Brian Clearkin
Seelenbinder: The Olympian who defied Hitler by James McNeish (Steele Roberts, 2016), 242 pp., $34.95
The first question for any book purchaser is ‘Why should I buy this book?’ For a biography, the answer may well be ‘to learn more of some person I admire, like, despise, etc’. For a novel, it could well be because you enjoyed previous works by the author, or something in the cover illustration, title, or précis attracted your attention. Here we have a biographic novel of an individual that few will be aware of with a simple monochrome cover – enough ingredients for easy rejection. However, for those who know James McNeish, the author, and make the purchase, their trust will be amply rewarded.
The story begins with a chance encounter, decades earlier, when the author is in Germany researching the background of the enigmatic Jack Lovelock, New Zealand’s first legendary middle-distance runner who won the 1500m event in the 1936 Berlin Olympics.

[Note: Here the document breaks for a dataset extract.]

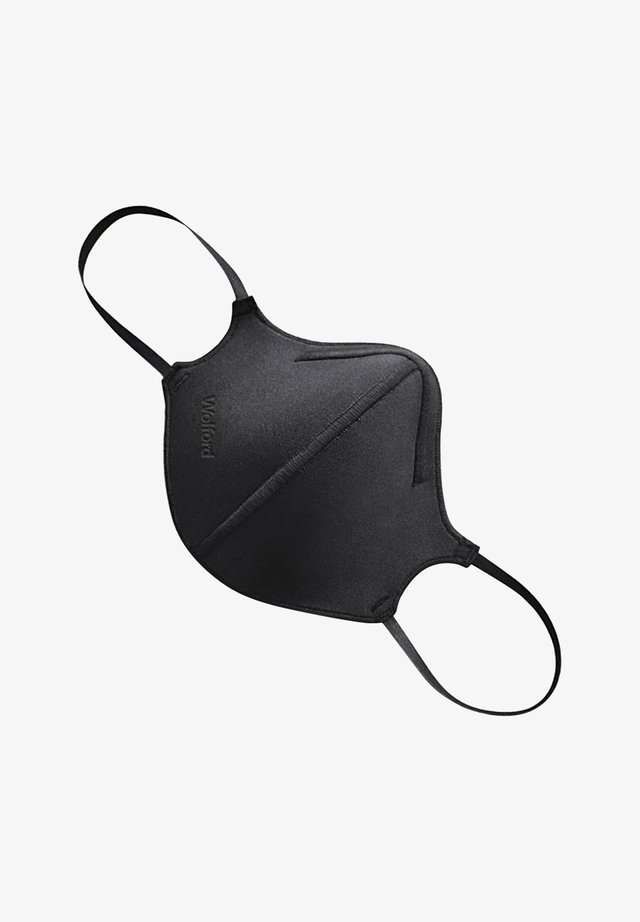 UNISEX CLASSIC MASK SET OF 3 - Stoffmaske - black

West Berlin was overflowing with exhibitions on a theme of resistance … We had arrived at a moment of political soul searching. What became obvious almost at once was that this awakening belonged to the young. The organizers were students and teachers. Young Berliners were asking their parents two things: One, How were the Nazis possible? Two, Why didn’t you stop them?
This is 1983, six years before the previously inconceivable fall of the Berlin wall and ‘the end of history’ (i.e. the debunking of Karl Marx’s doctrine of historical determinism). A young German documentary filmmaker speaking to McNeish mentions Werner Seelenbinder – ‘the Olympian who defied Hitler’. He has made documentaries commemorating the unsuccessful resistance of the ‘White Rose’ student opposition movement along with Von Stauffenberg and the July plotters, but not Seelenbinder. Why not? McNeish is left with vague responses – somehow, it seems the hero is tainted?
In a manner reminiscent of a Shakespearian play within a play, we move on to the story of the events leading to the writing of the story. It is now 2009, with the Berlin wall and the Cold War twenty years in the past. Starting with a clearly forged ‘Petition for Clemency’, images and reminders of Seelenbinder, the mysterious Greco-Roman Olympic wrestler, compete for the writer’s attention. We encounter the jumbled environment of invention and suppression within which the truth of his life and death must be sought. Problematically, he was a member of the German Communist Party. Accordingly, the unwritten rules of the Cold War from 1945 to 1989 dictated his role as a mythic cult hero to the East Germans, and an embarrassment best forgotten to his countrymen in the West.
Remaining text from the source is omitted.